The listing below holds a line with "The required output" and a line with "The Export All". Reproduce those two lines exactly, plus everything between them.

RECORDED DATA section start

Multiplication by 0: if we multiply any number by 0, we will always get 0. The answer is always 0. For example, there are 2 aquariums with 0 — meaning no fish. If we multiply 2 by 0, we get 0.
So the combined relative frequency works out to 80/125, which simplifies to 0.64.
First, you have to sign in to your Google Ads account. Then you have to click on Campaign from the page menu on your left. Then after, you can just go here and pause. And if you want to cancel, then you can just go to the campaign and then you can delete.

RECORDED DATA section end
RECORDED DATA section start

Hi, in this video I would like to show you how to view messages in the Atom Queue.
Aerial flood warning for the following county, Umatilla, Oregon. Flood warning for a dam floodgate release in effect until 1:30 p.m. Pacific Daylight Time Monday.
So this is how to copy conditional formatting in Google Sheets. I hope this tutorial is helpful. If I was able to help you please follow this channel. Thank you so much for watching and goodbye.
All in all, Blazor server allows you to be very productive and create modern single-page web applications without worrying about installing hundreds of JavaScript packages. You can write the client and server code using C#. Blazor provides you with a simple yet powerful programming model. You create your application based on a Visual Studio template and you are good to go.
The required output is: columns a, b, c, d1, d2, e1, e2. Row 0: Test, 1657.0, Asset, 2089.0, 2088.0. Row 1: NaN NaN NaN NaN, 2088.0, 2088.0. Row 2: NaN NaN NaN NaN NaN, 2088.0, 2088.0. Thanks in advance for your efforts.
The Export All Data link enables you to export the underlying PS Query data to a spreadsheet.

RECORDED DATA section end

▶ **EXERCISE RESPONSE**:
The required output is: columns a, b, c, d1, d2, e1, e2. Row 0: Test, 1657.0, Asset, 2089.0, 2088.0. Row 1: NaN NaN NaN NaN, 2088.0, 2088.0. Row 2: NaN NaN NaN NaN NaN, 2088.0, 2088.0. Thanks in advance for your efforts.
The Export All Data link enables you to export the underlying PS Query data to a spreadsheet.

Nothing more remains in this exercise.